§ ASTRUC, Jean (1684–1766). L’art d’accoucher réduit à ses principes, où l’on expose les pratiques les plus sûres & les plus usitées dans les differentes especes d’accouchemens. Avec l’histoire sommaire de l’art d’accoucher; & une lettre sur la conduite qu’Adam & Eve dûrent tenir à la naissance de leurs premiers enfans.
Paris: chez P. Guillaume Cavlier, 1766.

Collation: 8vo: a–c12 d8 A–Q12 R4, 240 leaves, pp. lxxxvii[1] 392.
Condition: 164 x 95mm. Faint scattered foxing.

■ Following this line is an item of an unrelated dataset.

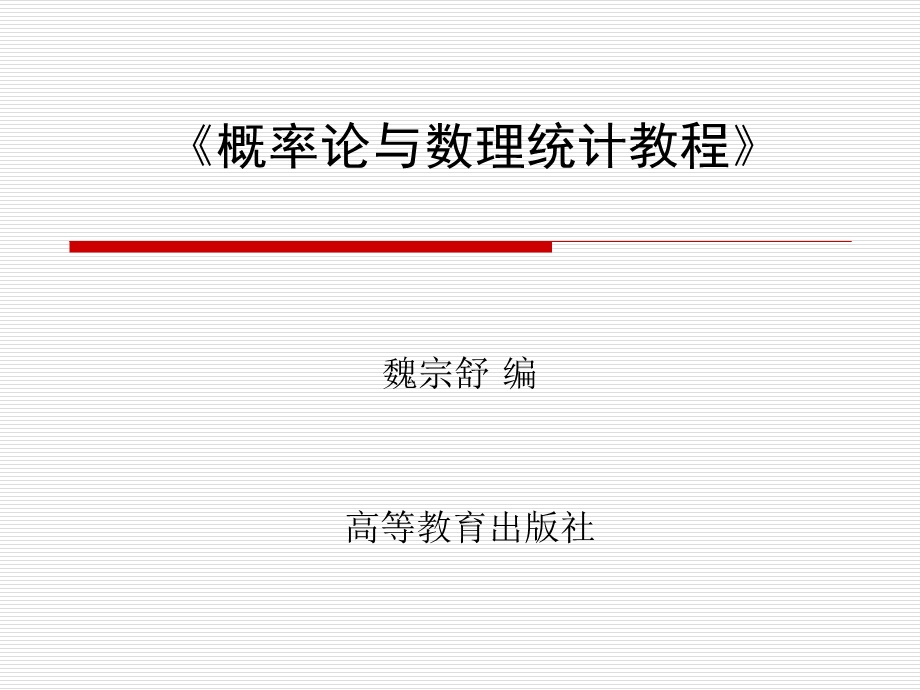 《概率论与数理统计教程》.ppt_第1页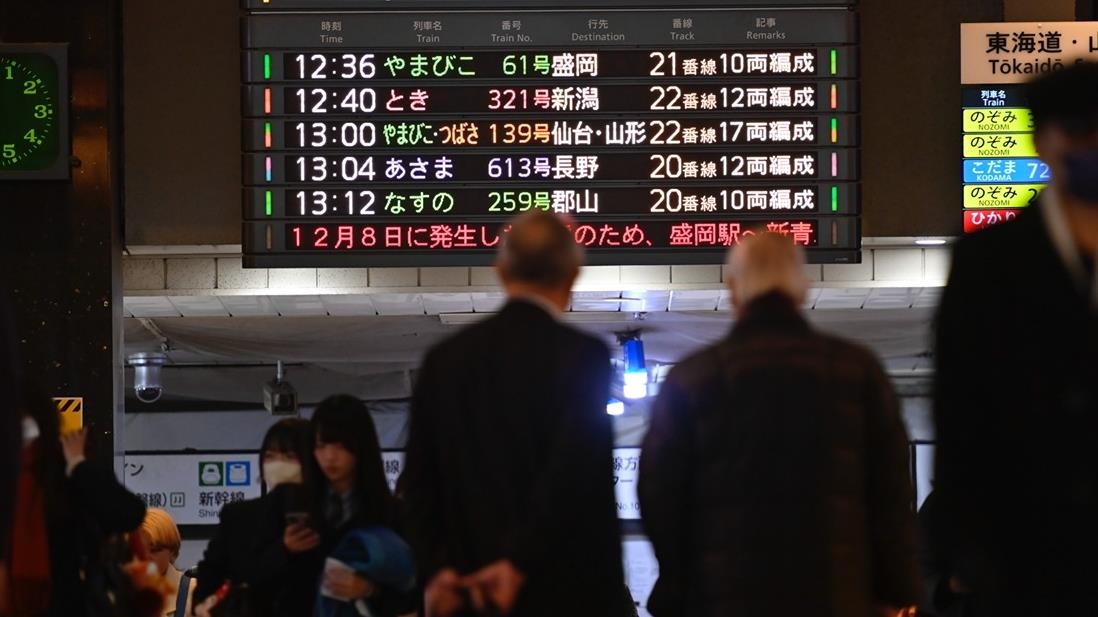 Japonya açıklarında 7,6 büyüklüğünde depremin ardından hızlı tren seferleri iptal edildi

Binding: Contemporary red morocco, gilt spine with raised bands, lettered direct in second compartment, tripple gilt fillets to sides with acorn tools at the corners, almost invisible restoration to headcap, gilt edges, decorated endpapers with printed stars and dots in gilt.
References: RCOG catalgoue p. 3; Wellcome II, p. 65; Heirs of Hippocrates 803; not in Waller.
Price: £850

First edition.
A fine copy of a work based on a course for midwives which Astruc had prepared for the Faculté de Médecine, published as a kind of supplement to his six volume Traité des maladies des femmes (1761–5, Garrison-Morton 6019). The long preliminary section is a history of obstetrics. Osler (who had only the 1771 edition) draws attention to Astruc’s report on the ‘Décision des Docteurs de Sorbonne sur la validité du Baptême, conféré par injection’ (i.e. through the vagina on the undelivered foetus) and notes that the decision is quoted in full by Stern in Tristram Shandy. The letter concerning Adam and Eve mentioned in the title discusses how Adam and Eve knew how to deal with the umbilical cord and afterbirth.